Damit hatten wir bereits 3,5 Punkte, alle vier laufenden Partien sahen zumindest ausgeglichen aus. Da erhielt Lukas ein Remisangebot, und als guter Mannschaftsspieler bat er mich als Mannschaftsführer um Rat, ohne mir anzudeuten (wie es auch korrekt ist, der Mannschaftsführer darf ja nur aus Sicht des Gesamtstandes urteilen), dass er mit einem Sieg rechnete. Ich empfahl Annahme, da damit das 4 : 4 schon mal sicher war, und alle anderen Partien auch zumindest Remis schienen. Er hätte gerne weitergespielt, wie er hinterher sagte, wahrscheinlich hätte uns das ein schnelles Ende des Wettkampfes beschert.

 

Aber nun lief es nicht mehr für uns. Günter und auch Christian verloren kurz die Übersicht in ihren Partien, was ihre Gegner gnadenlos ausnutzten, und da stand es nur noch 4 : 3. Andreas musste seine Partie Remis halten. Und sein Gegner war hartnäckig. Noch mehr als 1,5 Stunden lang grübelte er, machte auch gelegentlich einen Versuch, seine Türme besser zu aktivieren, aber Andreas hielt die Linien geschlossen, und endlich, als bis auf wenige Minuten die Bedenkzeit erschöpft war, gab er sich mit der Punkteteilung zufrieden. Anerkennung an Andreas für seine Ruhe und Geduld! Schön auch, dass die gesamte Mannschaft bis zum Schluss dabei blieb und so zumindest moralisch Andreas unterstützte.

 

Mit nunmehr zwei Siegen stehen wir genau in der Mitte der Tabelle, drei Mannschaften haben jeweils nur 0 oder 1 Punkt, da können wir schon ziemlich beruhigt in die Zukunft schauen. Eigentlich wollten wir im Falle eines Mannschaftssieges noch gemeinsam Kaffee trinken gehen, aber da es schon so spät geworden war, haben wir das auf nächstes Jahr verschoben.

 

Jochen Haupt

 

 

Die Dritte schafft den ersten Schritt Richtung Klassenerhalt!!

 

Wir wussten, dass gegen Berrenrath ein Sieg gelingen musste, entsprechend groß war die Einsatzbereitschaft.
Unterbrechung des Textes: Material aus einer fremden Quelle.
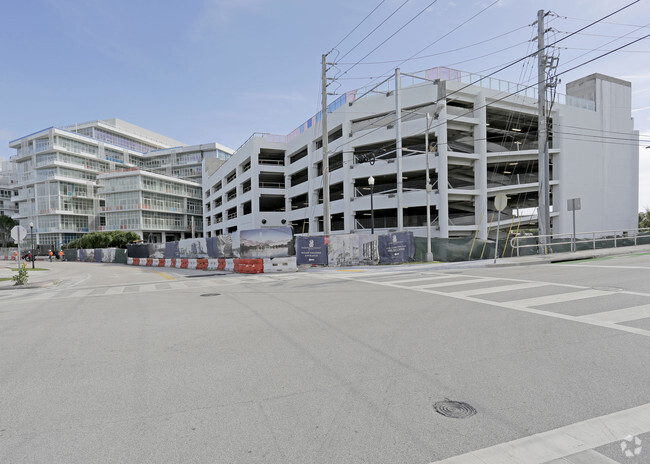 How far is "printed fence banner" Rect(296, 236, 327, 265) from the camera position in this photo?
2067cm

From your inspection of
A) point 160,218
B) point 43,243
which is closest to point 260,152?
point 160,218

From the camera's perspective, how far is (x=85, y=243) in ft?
200

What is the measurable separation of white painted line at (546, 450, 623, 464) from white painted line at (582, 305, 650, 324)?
4.51 metres

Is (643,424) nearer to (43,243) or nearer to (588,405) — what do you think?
(588,405)

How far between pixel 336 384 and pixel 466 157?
3160 centimetres

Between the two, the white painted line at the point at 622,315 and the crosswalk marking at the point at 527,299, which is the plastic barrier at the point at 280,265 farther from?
the white painted line at the point at 622,315

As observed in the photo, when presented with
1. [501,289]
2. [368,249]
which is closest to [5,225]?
[368,249]

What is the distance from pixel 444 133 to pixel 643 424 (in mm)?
30097

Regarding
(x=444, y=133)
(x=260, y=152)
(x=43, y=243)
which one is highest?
(x=260, y=152)

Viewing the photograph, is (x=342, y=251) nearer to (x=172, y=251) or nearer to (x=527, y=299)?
(x=527, y=299)

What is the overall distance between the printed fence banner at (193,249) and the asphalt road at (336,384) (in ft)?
69.2

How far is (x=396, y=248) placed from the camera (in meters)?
20.4

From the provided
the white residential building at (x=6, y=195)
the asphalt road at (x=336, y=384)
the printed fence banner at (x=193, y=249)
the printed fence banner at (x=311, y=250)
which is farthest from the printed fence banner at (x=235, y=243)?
the white residential building at (x=6, y=195)

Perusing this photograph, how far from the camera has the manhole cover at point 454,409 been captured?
2.99 m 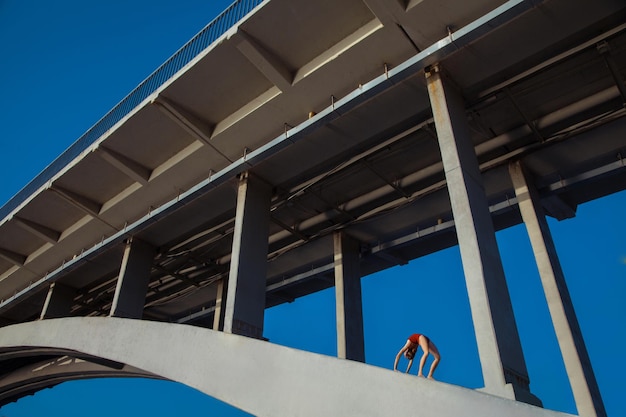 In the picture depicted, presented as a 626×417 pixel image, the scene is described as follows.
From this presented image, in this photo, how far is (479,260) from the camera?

Jochen Haupt war als einziger Stammspieler verhindert, so übernahm Werner Rost die Aufgabe, die Mannschaft aufzustellen. Neun Spieler standen bereit, so verzichtete er selbstlos auf seinen eigenen Einsatz, wenigstens ein Jugendlicher sollte mitspielen, wie wir es uns ja generell vorgenommen haben. Und so traten wir zuhause in folgender Besetzung an:

 

Kirst, Schnitzler, Wagner, Mevis, Klughardt, Jung, Hechler, Nerstheimer.

 

Ein ganz besonderer Einsatz war es für Helmut Nerstheimer, da er beschlossen hatte, dass dies sein letzter offizieller Einsatz sein sollte. Denn in Berrenrath hat er 1948 (!!!) seine Karriere im Schach begonnen. Und gegen seinen ersten Verein sollte nun auch das letzte Spiel stattfinden, kurz vor seinem 91. Geburtstag. Friedlich trennte er sich von seinem jungen Gegner mit einem Remis – eine unglaubliche Schachlaufbahn geht damit „offiziell“ zu Ende (Allerdings hat Helmut danach schon zugesagt: Wenn ihr mich noch mal braucht, bin ich natürlich dabei – mal sehen, was wird).

 

Leider hatte Christian keinen glücklichen Tag, sein Gegner hatte ihm Remis angeboten, aber Christian wollte mehr. Doch wie so oft: Wer in ausgeglichener Stellung ein Remisangebot ausschlägt, setzt sich wohl zu sehr unter Druck, und es passiert ein Patzer, der Punkt war weg. Dann machten Andreas Schnitzler und Günther Klughardt in ausgeglichener Stellung Remis. Locker gewannen dann Thorsten Wagner mit einer schönen Kombination und Lukas Mevis mit einem weit vorgerücktem Bauern im Zentrum.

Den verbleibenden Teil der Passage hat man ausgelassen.